In sociology and economics, evolutionary game theory has provided a powerful framework to illustrate the social dilemma’s problems, and many evolutionary game models are presented, such as prisoner’s dilemma game, snowdrift game, public goods game, and so on. In this paper, however, we focus on another typical pair-wise game model: Traveler’s Dilemma Game (TDG), which has been deeply investigated in economics, but less attention has been paid to this topic within the physics community. We mainly discuss the influence of strategy update rules on the evolution of cooperation in the spatial TDG, and in detail explore the role of a novel self-questioning or self-learning update mechanism in the evolution of cooperation of the TDG model on the square lattice.
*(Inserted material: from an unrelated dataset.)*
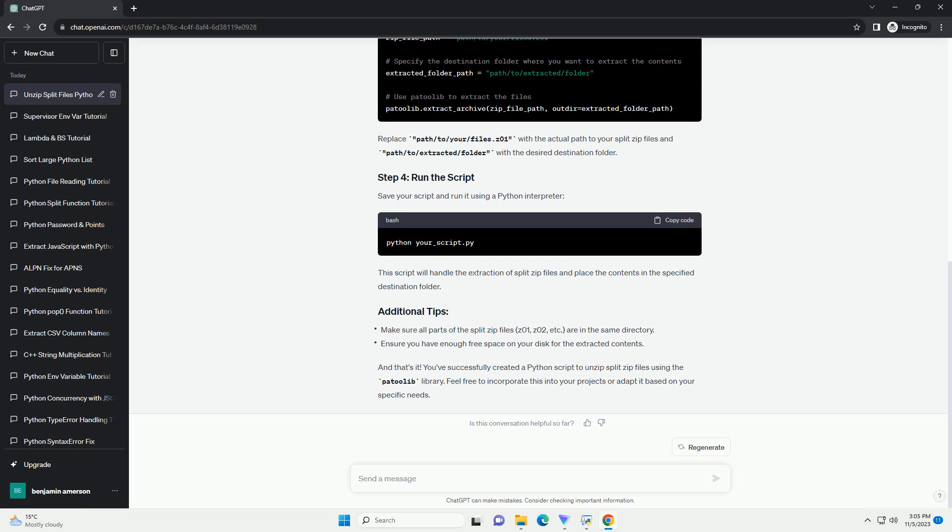Now you have a Python script that can unzip split archive files, Z01, Z02, into the original file or files.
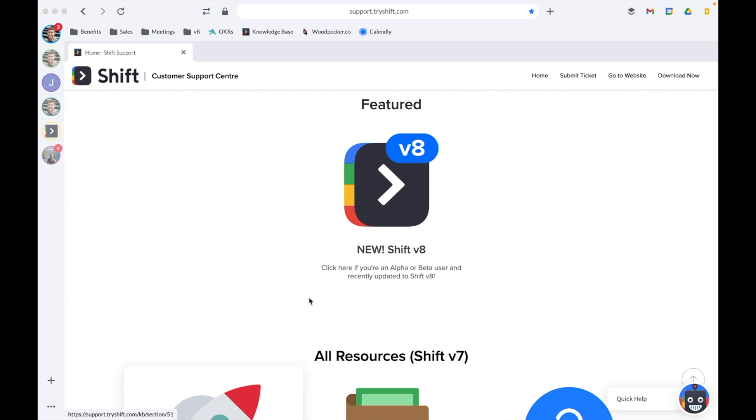To add an application to Shift, simply navigate to the plus sign at the bottom of your sidebar and select Add Application. Hang tight while I add a few applications to my Shift setup.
In our self-questioning rule, each player does not imitate the strategy state of his or her nearest neighbors and simply plays the traveler’s dilemma games twice with nearest neighbors: one is to calculate the actual payoff in the current game round; the other is to perform a virtual game which is used to obtain an intangible payoff if he or she adopts another random strategy. Then, the focal player decides to keep the current strategy or to change into that virtual strategy according to the Fermi-like dynamics. A great number of Monte Carlo simulations indicate that our self-questioning rule is a low information game decision-making mechanism which can greatly promote the evolution of cooperation for some specific conditions in the spatial TDG model. Furthermore, this novel rule can also be applied into the prisoner’s dilemma game, and likewise the behavior of cooperation can be largely enhanced. Our results are of high importance to analyze and understand the emergence of cooperation within many real social and economical systems.